# Exercise directions
Nothing but the lines below from the one with "Waves Blue Sea Water Pleated Skirt" through the one with "蠟筆小新小白嬰兒車3D打印模型" should be output, each exactly as given, and no pictures.

# Provided records
⁂

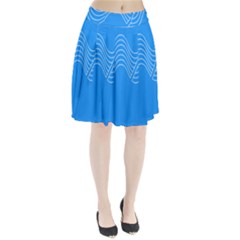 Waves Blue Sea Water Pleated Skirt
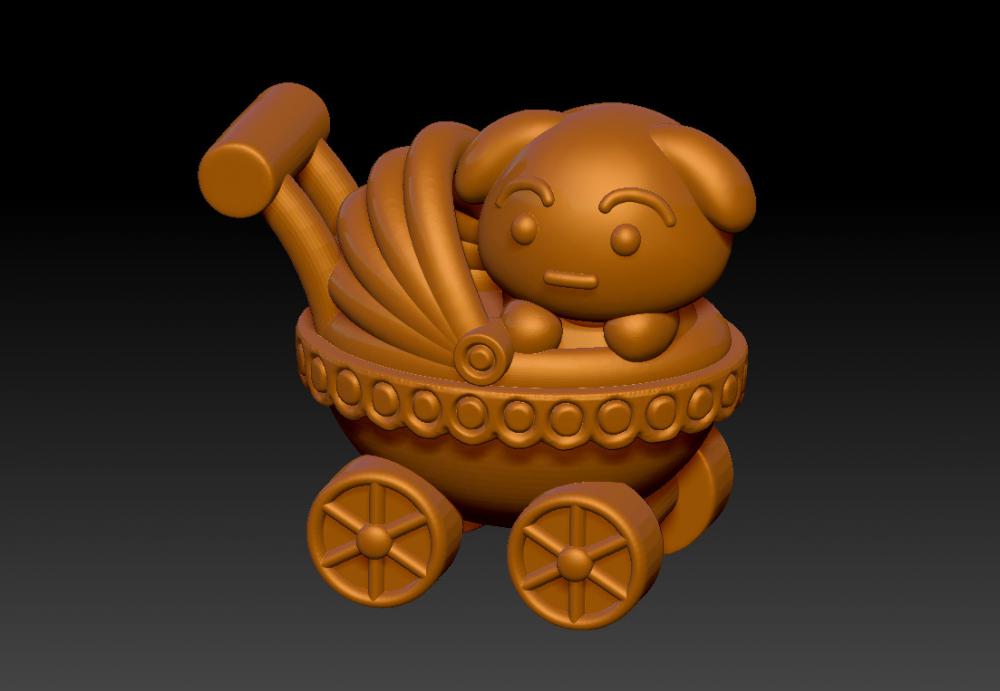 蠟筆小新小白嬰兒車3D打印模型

⁂

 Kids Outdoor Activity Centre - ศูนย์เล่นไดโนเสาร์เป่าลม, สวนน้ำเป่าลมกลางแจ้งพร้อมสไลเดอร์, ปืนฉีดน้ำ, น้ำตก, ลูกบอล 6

⁂

# Finished exercise
 Waves Blue Sea Water Pleated Skirt
 蠟筆小新小白嬰兒車3D打印模型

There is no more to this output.